Do we generally prefer this to defining the vector inside the loop, from a performance standpoint? (The latter would be clearer, I think).

4488

What happens in the "Lane == 0 && Legal->isUniformAfterVectorization(I)" case?
I'm having a bit of trouble imagining what the code ends up looking.

mssimpso added inline comments.Nov 14 2016, 12:07 PM
lib/Transforms/Vectorize/LoopVectorize.cpp
482

That's true! I'll update the comment.

4319

That's right; I missed this. I'll update this comment as well.

4486

Not that I'm aware of. I'm happy to move the vector definition inside the loop.

4488

This loop is collecting in VectorLoopPredInsts the scalarized instructions we produced in scalarizeInstruction. It then predicates all the scalarized instructions for a given unroll part and vector lane. If an instruction is uniform-after-vectorization we only generate values for Lane zero during scalarization, and getScalarValue asserts if we try to get a value for a Lane > 0.
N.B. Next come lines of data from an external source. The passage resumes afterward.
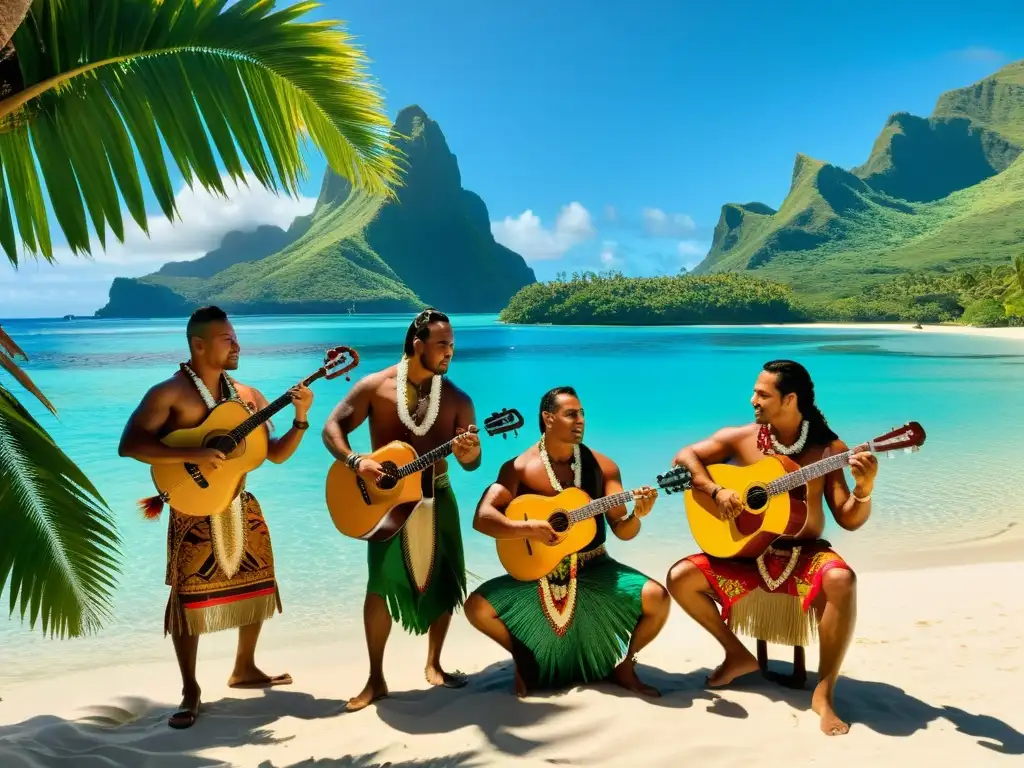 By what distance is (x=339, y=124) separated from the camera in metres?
3.28

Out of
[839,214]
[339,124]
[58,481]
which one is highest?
[839,214]

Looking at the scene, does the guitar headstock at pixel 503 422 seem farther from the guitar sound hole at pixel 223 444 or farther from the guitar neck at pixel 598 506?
the guitar sound hole at pixel 223 444

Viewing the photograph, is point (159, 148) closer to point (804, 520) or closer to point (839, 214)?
point (804, 520)

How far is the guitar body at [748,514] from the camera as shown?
3.49 meters

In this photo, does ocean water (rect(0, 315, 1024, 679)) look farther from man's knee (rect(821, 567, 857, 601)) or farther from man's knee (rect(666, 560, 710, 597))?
man's knee (rect(821, 567, 857, 601))

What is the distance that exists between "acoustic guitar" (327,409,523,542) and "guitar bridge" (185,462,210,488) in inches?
21.9

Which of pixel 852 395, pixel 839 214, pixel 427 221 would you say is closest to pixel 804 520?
pixel 852 395

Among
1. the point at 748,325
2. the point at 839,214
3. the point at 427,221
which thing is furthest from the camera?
the point at 427,221

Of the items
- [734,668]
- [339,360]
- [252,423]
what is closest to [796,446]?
[734,668]

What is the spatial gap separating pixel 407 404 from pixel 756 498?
164 centimetres

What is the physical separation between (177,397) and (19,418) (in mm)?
1081

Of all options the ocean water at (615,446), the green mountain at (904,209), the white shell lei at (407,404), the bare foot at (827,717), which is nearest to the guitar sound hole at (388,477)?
the white shell lei at (407,404)

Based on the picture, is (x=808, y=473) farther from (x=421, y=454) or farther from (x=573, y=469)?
(x=421, y=454)

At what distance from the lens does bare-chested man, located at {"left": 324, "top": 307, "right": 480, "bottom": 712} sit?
149 inches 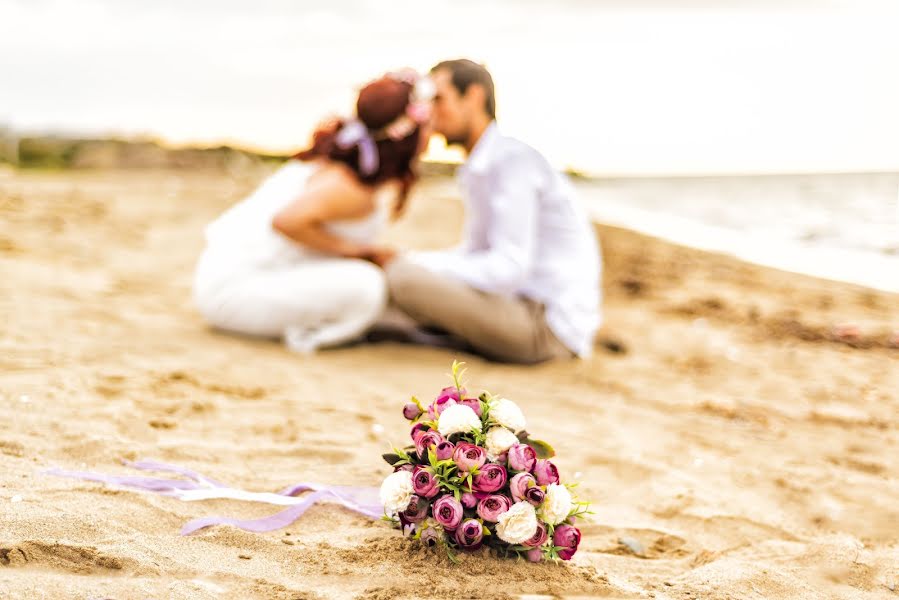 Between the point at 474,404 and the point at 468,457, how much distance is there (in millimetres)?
166

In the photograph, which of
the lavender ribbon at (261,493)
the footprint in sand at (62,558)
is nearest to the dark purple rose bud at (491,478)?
the lavender ribbon at (261,493)

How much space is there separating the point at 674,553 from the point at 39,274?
4948mm

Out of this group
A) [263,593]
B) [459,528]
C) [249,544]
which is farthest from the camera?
[249,544]

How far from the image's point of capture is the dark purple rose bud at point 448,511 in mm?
1930

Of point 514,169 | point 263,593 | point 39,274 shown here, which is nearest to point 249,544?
point 263,593

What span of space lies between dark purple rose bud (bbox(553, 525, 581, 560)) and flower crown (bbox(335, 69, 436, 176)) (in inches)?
112

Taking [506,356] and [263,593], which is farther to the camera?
[506,356]

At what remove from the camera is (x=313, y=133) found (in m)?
4.68

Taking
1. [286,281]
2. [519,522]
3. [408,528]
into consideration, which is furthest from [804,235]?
[519,522]

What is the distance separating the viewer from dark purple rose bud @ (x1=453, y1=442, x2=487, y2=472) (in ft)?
6.35

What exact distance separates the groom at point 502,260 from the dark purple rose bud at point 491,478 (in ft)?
8.67

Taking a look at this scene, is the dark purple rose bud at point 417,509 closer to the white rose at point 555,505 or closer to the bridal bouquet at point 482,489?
the bridal bouquet at point 482,489

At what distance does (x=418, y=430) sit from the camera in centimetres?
208

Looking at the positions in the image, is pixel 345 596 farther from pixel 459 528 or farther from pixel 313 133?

However, as I'm thinking about this, I don't think we can ever end up with an instruction that requires predication that is also marked uniform-after-vectorization. Unless I'm missing something, we should probably just remove this if condition. What do you think?

7099

We have to create the edge masks in program order because they are cached in MaskCache. PHI widening, for example, also calls createEdgeMask. During PHI widening, if a mask isn't already in the cache, we will produce it at that time. But then when we go back to perform the actual predication, we would reuse the masks we created for the PHIs. But these masks may not dominate the branches we create for the predicated blocks, so we have to produce the masks in order. The existing tests in if-pred-non-void.ll require this.

mkuper added inline comments.Nov 14 2016, 1:40 PM
lib/Transforms/Vectorize/LoopVectorize.cpp
4488

However, as I'm thinking about this, I don't think we can ever end up with an instruction that requires predication that is also marked uniform-after-vectorization. Unless I'm missing something, we should probably just remove this if condition. What do you think?
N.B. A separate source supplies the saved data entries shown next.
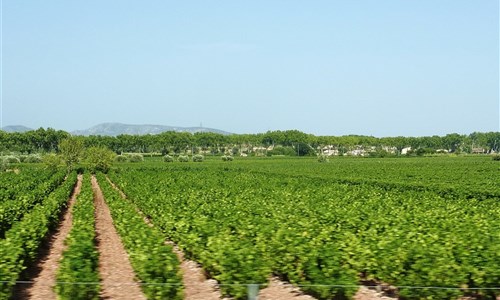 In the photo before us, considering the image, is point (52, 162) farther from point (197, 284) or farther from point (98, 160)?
point (197, 284)

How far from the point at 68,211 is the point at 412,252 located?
2005 centimetres

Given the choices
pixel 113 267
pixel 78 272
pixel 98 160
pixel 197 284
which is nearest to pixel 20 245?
pixel 113 267

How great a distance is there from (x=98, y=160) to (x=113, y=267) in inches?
2255

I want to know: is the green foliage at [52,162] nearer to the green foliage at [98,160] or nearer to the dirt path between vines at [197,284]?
the green foliage at [98,160]

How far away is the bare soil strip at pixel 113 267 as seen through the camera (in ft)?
32.9

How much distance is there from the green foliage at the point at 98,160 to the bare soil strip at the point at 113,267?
4740cm

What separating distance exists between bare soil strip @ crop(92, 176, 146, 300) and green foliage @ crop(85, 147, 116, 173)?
47399mm

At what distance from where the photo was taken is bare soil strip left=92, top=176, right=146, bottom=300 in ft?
32.9

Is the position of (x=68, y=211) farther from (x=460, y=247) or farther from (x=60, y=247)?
(x=460, y=247)

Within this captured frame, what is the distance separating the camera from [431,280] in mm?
9508

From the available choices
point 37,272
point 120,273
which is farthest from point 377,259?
point 37,272

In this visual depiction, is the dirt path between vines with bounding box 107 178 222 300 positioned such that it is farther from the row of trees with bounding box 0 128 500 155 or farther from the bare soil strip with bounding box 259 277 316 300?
the row of trees with bounding box 0 128 500 155

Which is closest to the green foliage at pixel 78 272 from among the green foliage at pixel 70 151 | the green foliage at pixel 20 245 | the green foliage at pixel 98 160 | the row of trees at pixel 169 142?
the green foliage at pixel 20 245

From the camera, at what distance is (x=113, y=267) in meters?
13.3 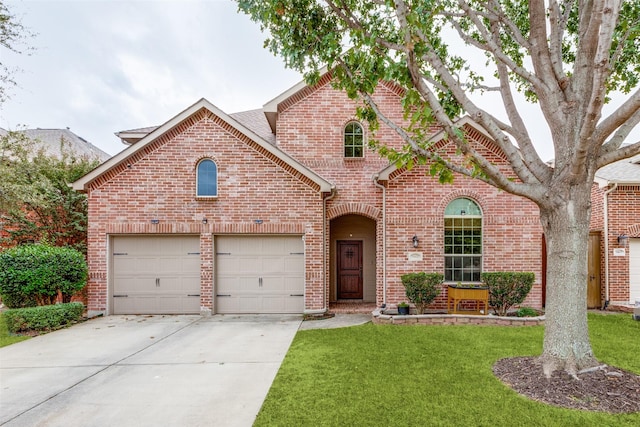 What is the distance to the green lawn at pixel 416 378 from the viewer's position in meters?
3.92

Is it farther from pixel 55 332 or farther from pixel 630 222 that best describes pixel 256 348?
pixel 630 222

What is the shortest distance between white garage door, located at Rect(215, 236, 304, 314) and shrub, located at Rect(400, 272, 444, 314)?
9.85ft

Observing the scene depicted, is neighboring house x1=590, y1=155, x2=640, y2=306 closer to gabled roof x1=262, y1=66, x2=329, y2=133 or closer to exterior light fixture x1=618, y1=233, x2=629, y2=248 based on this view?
exterior light fixture x1=618, y1=233, x2=629, y2=248

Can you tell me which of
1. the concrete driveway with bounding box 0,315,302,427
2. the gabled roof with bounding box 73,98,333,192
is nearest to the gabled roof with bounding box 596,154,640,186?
the gabled roof with bounding box 73,98,333,192

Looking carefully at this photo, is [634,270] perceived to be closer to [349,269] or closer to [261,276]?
[349,269]

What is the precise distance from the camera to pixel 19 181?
9.70 m

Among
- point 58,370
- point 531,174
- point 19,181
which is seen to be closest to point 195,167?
point 19,181

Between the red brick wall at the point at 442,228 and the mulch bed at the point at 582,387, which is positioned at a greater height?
the red brick wall at the point at 442,228

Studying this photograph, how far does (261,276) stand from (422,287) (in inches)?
175

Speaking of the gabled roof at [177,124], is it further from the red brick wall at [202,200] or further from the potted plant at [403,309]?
the potted plant at [403,309]

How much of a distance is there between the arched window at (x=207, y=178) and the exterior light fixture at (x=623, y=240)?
39.6 ft

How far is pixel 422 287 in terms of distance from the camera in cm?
882

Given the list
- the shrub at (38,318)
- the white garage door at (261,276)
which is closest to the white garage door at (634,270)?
the white garage door at (261,276)

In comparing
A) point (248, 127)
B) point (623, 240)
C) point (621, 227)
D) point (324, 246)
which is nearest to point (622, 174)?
point (621, 227) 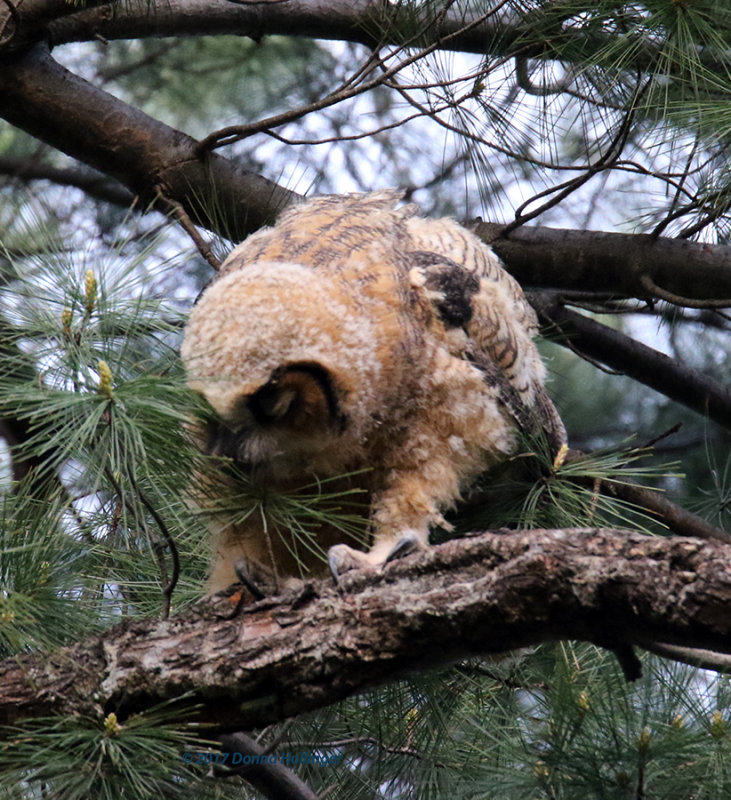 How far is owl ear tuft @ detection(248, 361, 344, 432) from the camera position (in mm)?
1911

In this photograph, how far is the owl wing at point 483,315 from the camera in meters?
2.26

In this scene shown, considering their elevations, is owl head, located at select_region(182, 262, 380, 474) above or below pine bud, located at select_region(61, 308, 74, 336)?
above

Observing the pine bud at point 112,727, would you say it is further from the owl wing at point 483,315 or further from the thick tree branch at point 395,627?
the owl wing at point 483,315

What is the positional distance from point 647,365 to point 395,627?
2127mm

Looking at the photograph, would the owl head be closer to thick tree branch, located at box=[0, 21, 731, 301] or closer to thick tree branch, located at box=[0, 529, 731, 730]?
thick tree branch, located at box=[0, 529, 731, 730]

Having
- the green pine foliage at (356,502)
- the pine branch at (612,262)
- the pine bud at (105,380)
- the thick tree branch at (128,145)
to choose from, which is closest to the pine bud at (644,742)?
the green pine foliage at (356,502)

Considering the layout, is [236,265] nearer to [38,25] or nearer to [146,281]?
[146,281]

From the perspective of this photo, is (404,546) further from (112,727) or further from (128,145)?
(128,145)

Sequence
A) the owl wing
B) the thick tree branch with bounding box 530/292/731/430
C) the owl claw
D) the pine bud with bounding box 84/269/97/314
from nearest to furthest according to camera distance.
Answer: the pine bud with bounding box 84/269/97/314, the owl claw, the owl wing, the thick tree branch with bounding box 530/292/731/430

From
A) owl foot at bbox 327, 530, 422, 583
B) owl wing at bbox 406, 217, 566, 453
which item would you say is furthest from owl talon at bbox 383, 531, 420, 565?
owl wing at bbox 406, 217, 566, 453

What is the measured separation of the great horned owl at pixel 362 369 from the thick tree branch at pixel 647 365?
0.97 m

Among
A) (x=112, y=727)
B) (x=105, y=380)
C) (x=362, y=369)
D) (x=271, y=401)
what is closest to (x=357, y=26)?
(x=362, y=369)

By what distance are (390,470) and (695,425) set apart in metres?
3.36

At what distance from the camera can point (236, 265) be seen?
7.29 ft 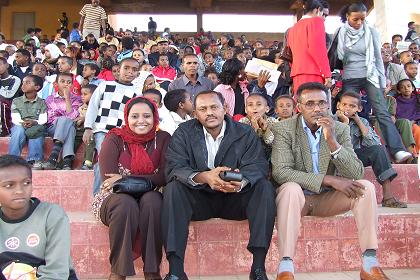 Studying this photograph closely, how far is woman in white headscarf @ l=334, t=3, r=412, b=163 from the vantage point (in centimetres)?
475

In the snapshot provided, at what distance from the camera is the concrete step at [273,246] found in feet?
10.8

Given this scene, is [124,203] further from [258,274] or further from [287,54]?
[287,54]

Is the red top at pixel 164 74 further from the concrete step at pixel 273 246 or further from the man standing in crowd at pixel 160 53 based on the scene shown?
the concrete step at pixel 273 246

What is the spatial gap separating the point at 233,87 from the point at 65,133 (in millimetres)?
2064

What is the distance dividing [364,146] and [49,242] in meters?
3.03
Yes, that's why I was having trouble imagining it. Couldn't figure out what a uniform-after-vectorization predicated instruction looks like.

I think we should remove this, and have an assert somewhere to make sure it really doesn't happen. (If we find out that does happen, I guess it's some edge-case we're not thinking about, so I'm not sure this code would do the right thing anyway.)

mssimpso updated this revision to Diff 77885.Nov 14 2016, 2:10 PM
mssimpso marked 4 inline comments as done.

Addressed comments from Michael and Gil.

  • Updated comments
  • Added assert for uniform-after-vectorization
  • Moved vector definition inside loop
  • Made some auto types explicit
gilr added inline comments.Nov 14 2016, 3:00 PM
lib/Transforms/Vectorize/LoopVectorize.cpp
7099

Ahhh ... right.
This seems somewhat unclean, though: the patch moves block mask creation logic from scalarization to predication (which makes sense), but must leave some of it behind for caching reasons.
So as long as we're generating masks in program order for caching reasons, could the original createBlockInMask call be retained if the same caching was added for block masks? This would make it clear that it's the block mask we need generated here, avoid partly-duplicating its code and make the masks caching behavior more consistent (more of a getOrCreate API).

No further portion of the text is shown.